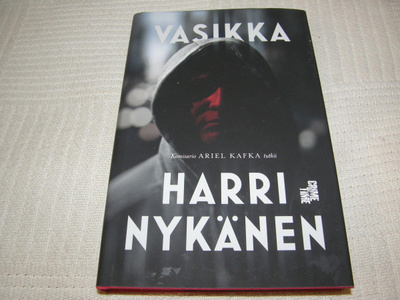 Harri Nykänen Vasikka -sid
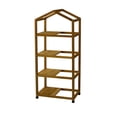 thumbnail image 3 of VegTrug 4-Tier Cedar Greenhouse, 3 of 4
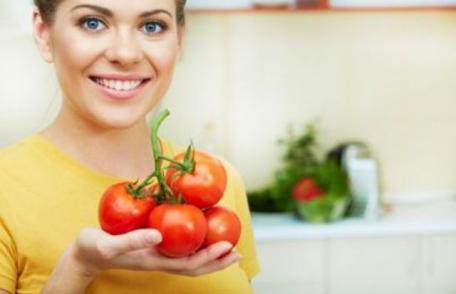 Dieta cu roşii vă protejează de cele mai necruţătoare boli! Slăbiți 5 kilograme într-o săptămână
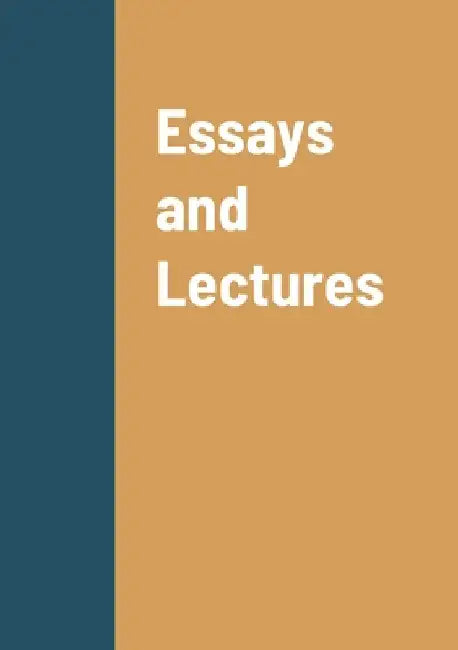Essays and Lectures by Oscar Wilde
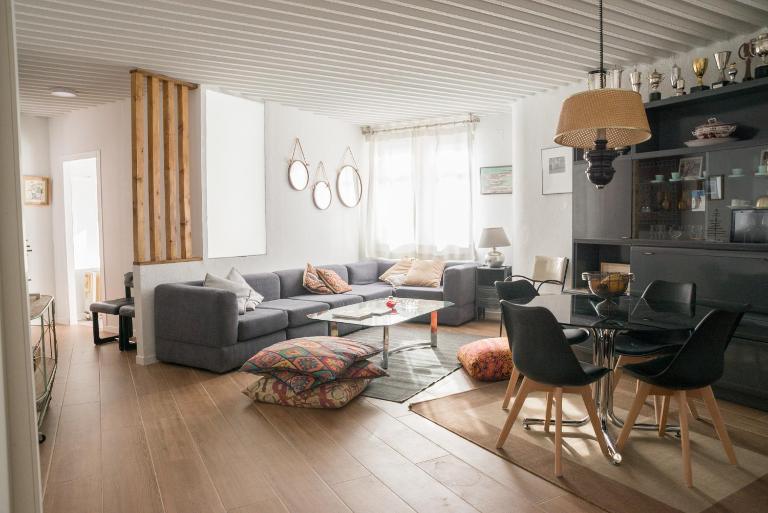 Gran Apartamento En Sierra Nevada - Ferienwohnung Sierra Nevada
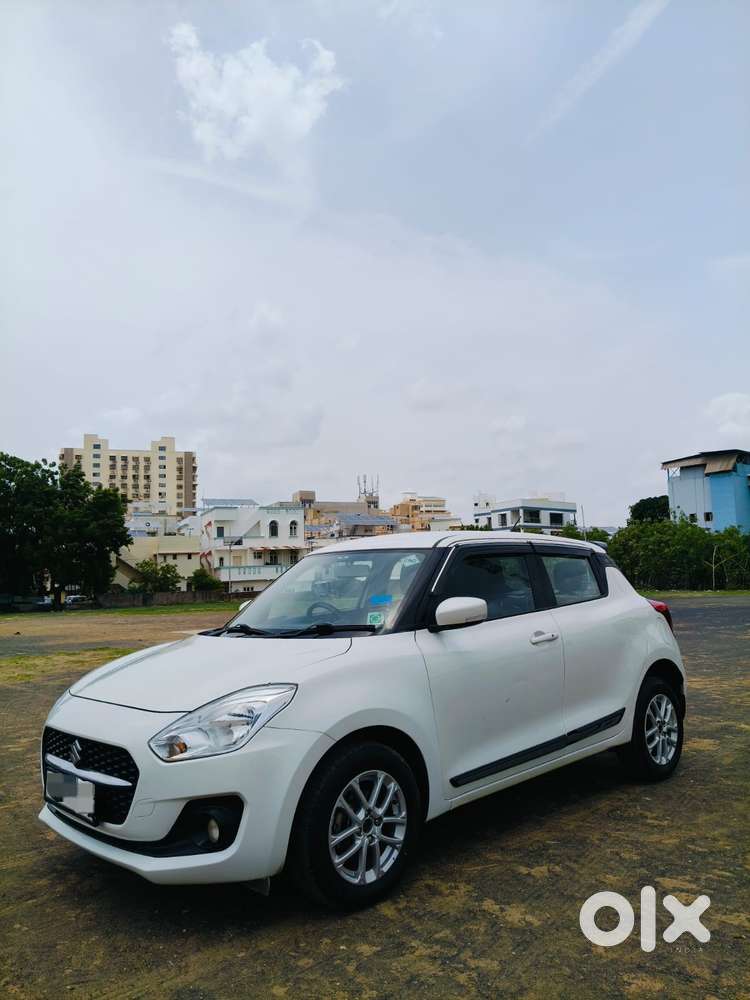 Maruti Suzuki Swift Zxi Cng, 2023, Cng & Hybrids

+-------+

**What to produce:** Only the lines from the one containing "Gran Apartamento En" through the final line of the data are to be written out, exactly as they stand and without pictures.

**Task output:**
 Gran Apartamento En Sierra Nevada - Ferienwohnung Sierra Nevada
 Maruti Suzuki Swift Zxi Cng, 2023, Cng & Hybrids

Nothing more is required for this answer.